How can a developing country will benefit from the removal of trade restrictions?
International trade is one of the most contentious issues in development economics. Developing countries tend to have more trade restrictions on their product.
Removing trade restrictions may be beneficial to an economy in several ways:
➣The removal of trade restrictions on the country’s products can enable a country to specialise in the products it is best at producing.
Traditional trade theory implies that countries should specialise in producing those items in which they have a comparative advantage: i.e. those goods that can be produced at relatively low opportunity costs. For most developing countries, this means that a large proportion of their exports should be primaries. They can be sold at a lower price which may increase demand in foreign markets.
➣ The removal of trade restrictions that the country imposes may mean it can purchase raw materials and capital equipment at a lower price, reducing costs of production.
Certain raw materials, capital equipment and intermediate products that are necessary for development can be obtained only from abroad. Others could be produced domestically, but only at a much higher cost. Thus removal of trade restrictions will help firms lower their cost of production and produce better quality and quantity of goods and services. This leads to economic growth.
➣Consumers may enjoy a greater variety of products greater availability of products at lower prices.
The removal of trade restrictions unable local consumers to purchase a wider range of foreign products at a cheaper price.

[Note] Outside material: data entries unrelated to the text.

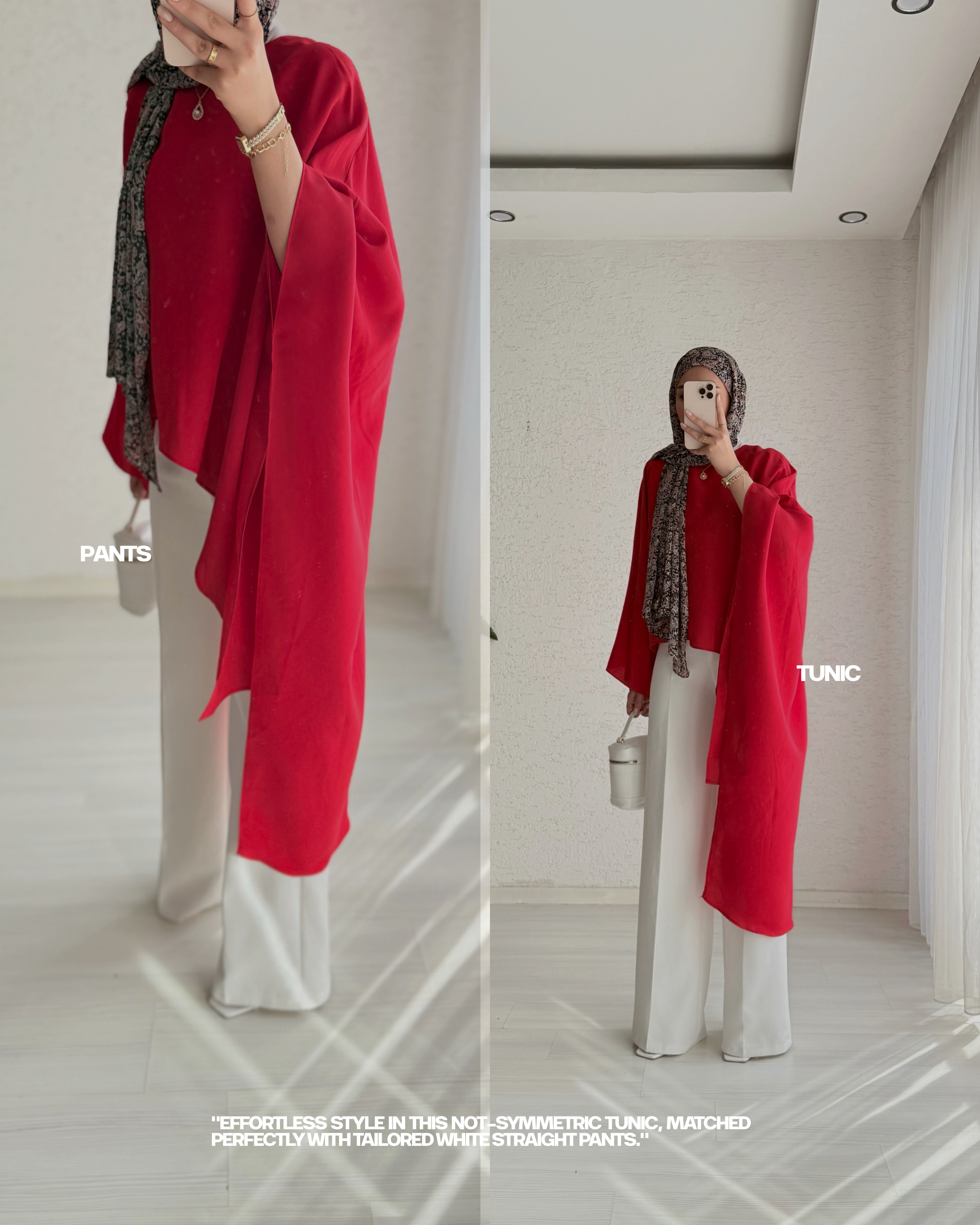 Lavin Özel Tasarım Asimetrik Kimono Kırmızı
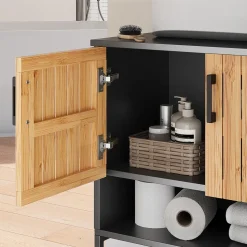 Badmöbel-Set Vayra Bambus 2 Teile Vicco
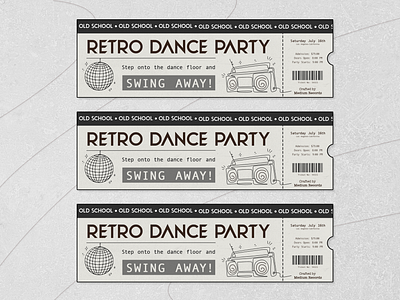 Retro Dance Party - Ticket Print Design design graphic design poster print retro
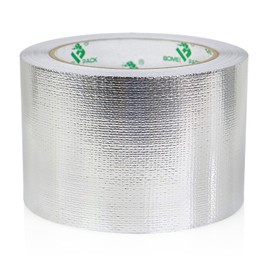 BOMEI PACK 1 Roll Aluminum Foil Heat Shield Tape,Heat Reflective Heat Shield Thermal Barrier Foil Tape,Fiber-Glass Aluminum Foil Tape 3 Inch x 66Feet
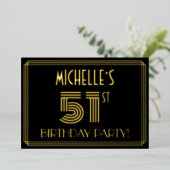 51th Birthday Party —アールデコスタイル「51」 +名前 箔招待状 (立ち正面)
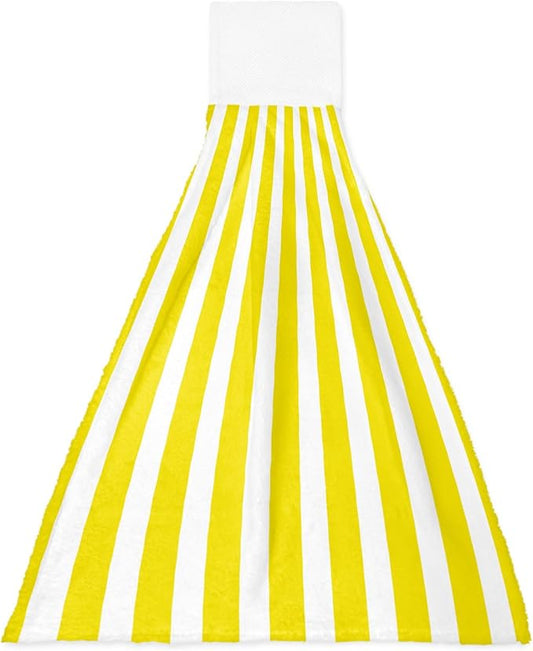 Alandar Home Kitchen Tie Towel Set of 1, Minimalist Modern Yellow White Stripe Absorbent Soft Hand Towels for Bathroom Hanging Towels, Simple Line Texture Fast Drying Cleaning Cloth with Loop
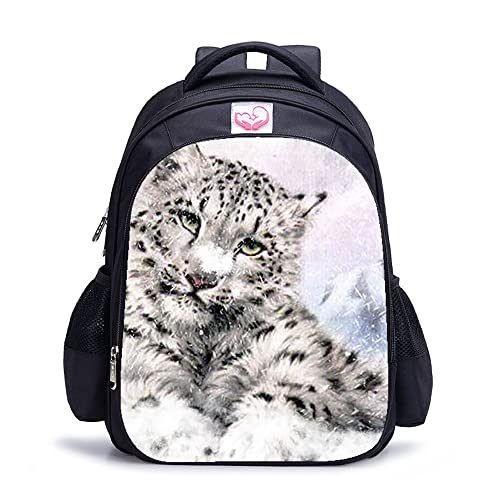 Sac à dos snow leopard 41x28x12 cm pour enfants et étudiants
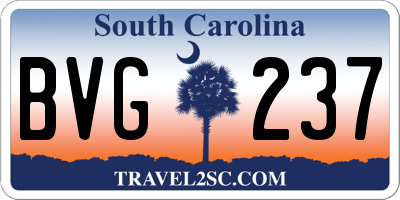 SC license plate BVG237
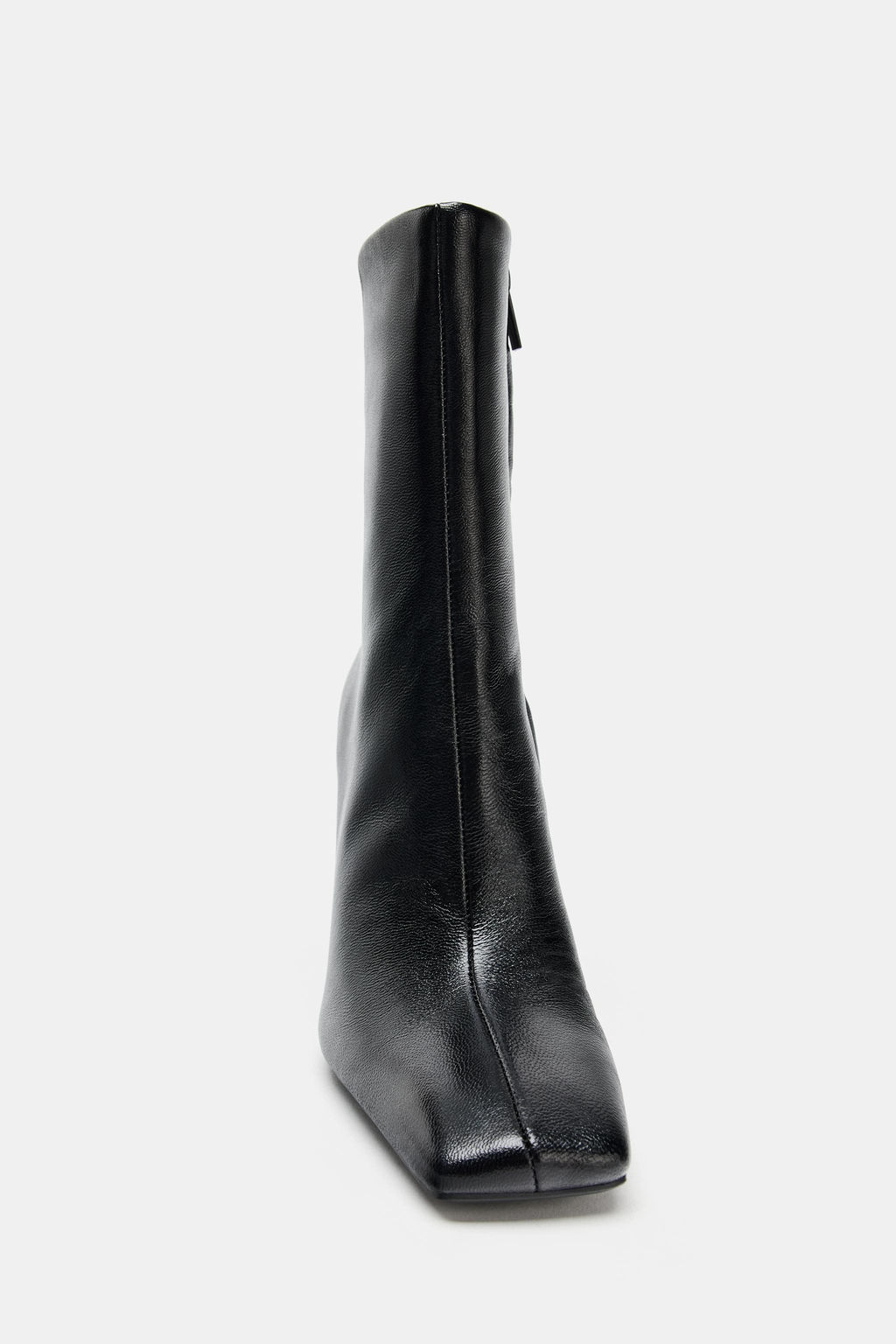 LEATHER HIGH-HEEL ANKLE BOOTS WITH SQUARE TOE - Zara фото 6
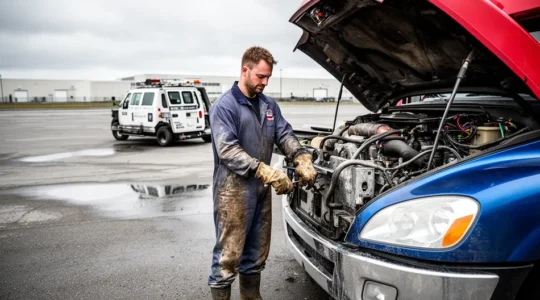 Technicien mécanique mobile intervenant sur camion lourd au Québec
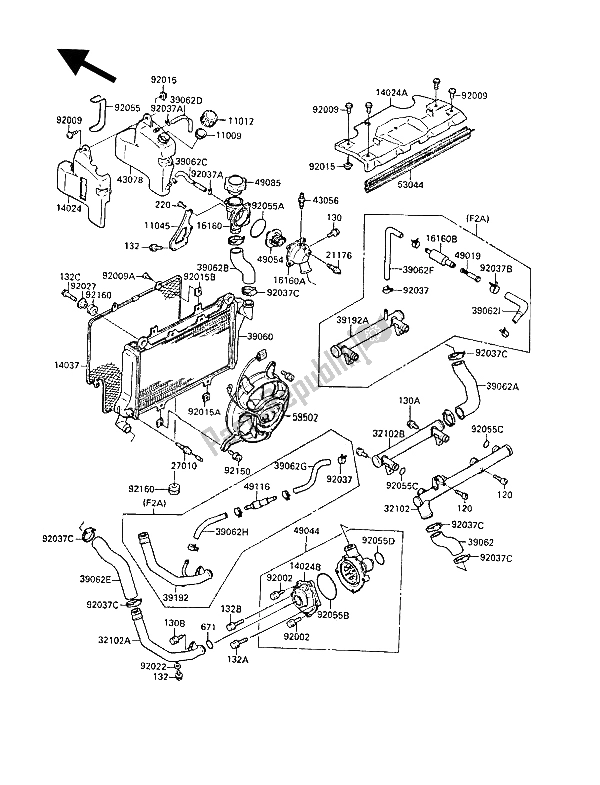 Todas as partes de Radiador do Kawasaki GPX 750R 1989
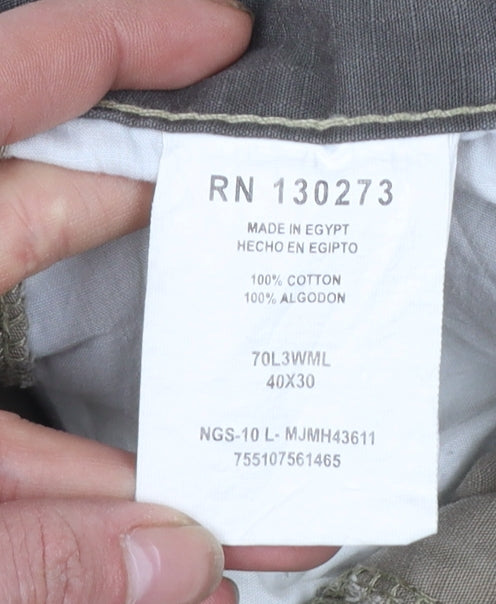 Wrangler Men's Beige Cargo Trousers 40x30 Cotton Relaxed Fit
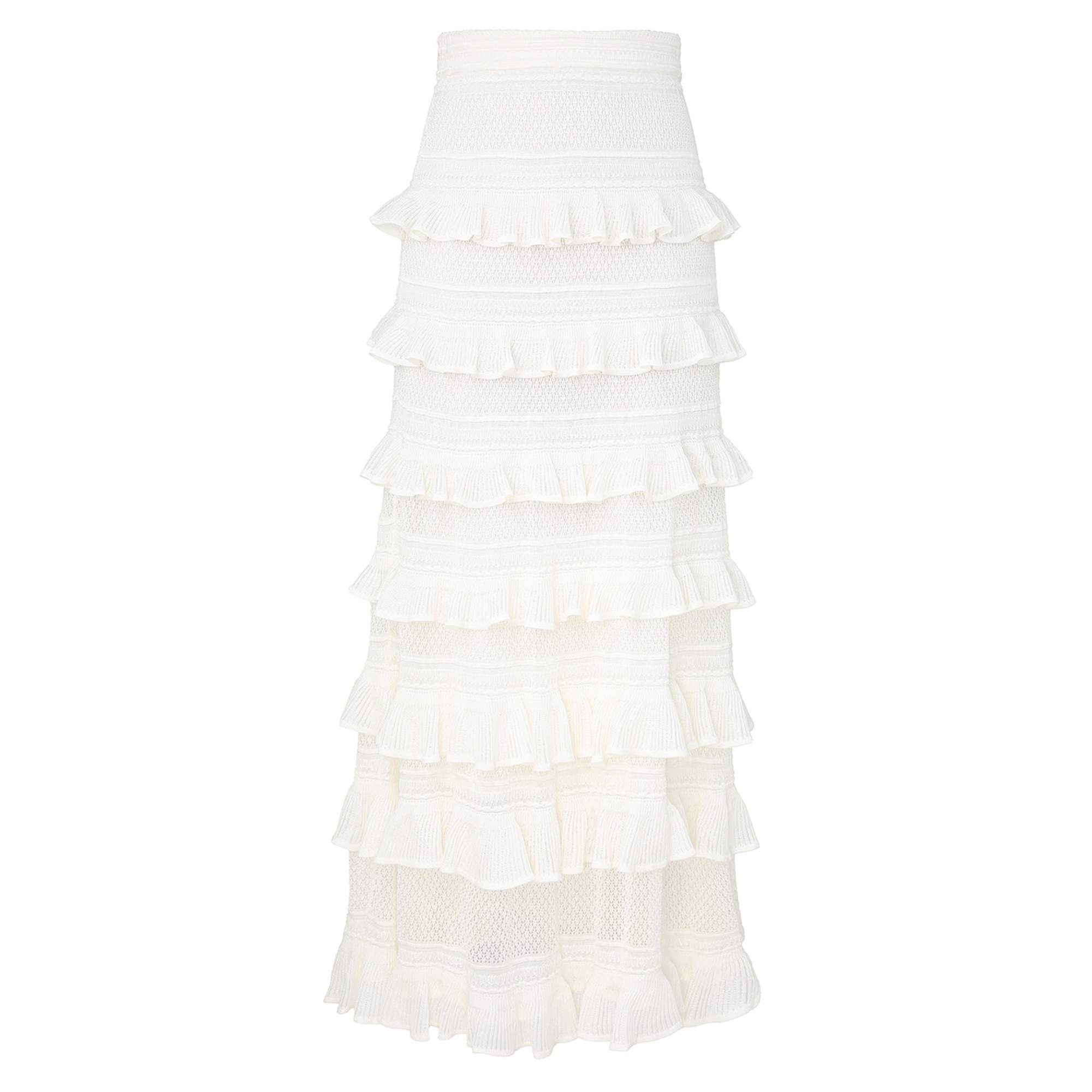 Luna Lace Frill Knit Midi Skirt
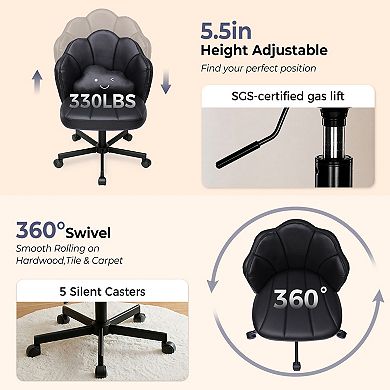 Leather Petal Vanity Chair with Small Pillow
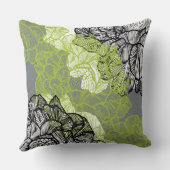 花パターン緑の灰色の装飾用クッション クッション (裏面)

Foreign products may also be of better quality.
➣ Domestic firms may respond to greater competition by becoming more efficient.
With more trade, domestic firms will face more competition from abroad. Therefore, there will be more incentives to cut costs and increase efficiency. It may prevent domestic monopolies from charging too high prices. If an economy protects its domestic industry by increasing tariffs industries may not have any incentives to cut costs.
➣ The removal of trade restrictions may increase inward investment and attract MNCs
Most free trade agreements also reduce restrictions on foreign investment. This change allows foreign firms and financiers to more easily provide funds for in-country projects. With new capital entering a developing country, it begins an upward productivity cycle that stimulates the entire economy. An inflow of foreign capital can also stimulate the banking system, leading to more investment and consumer lending.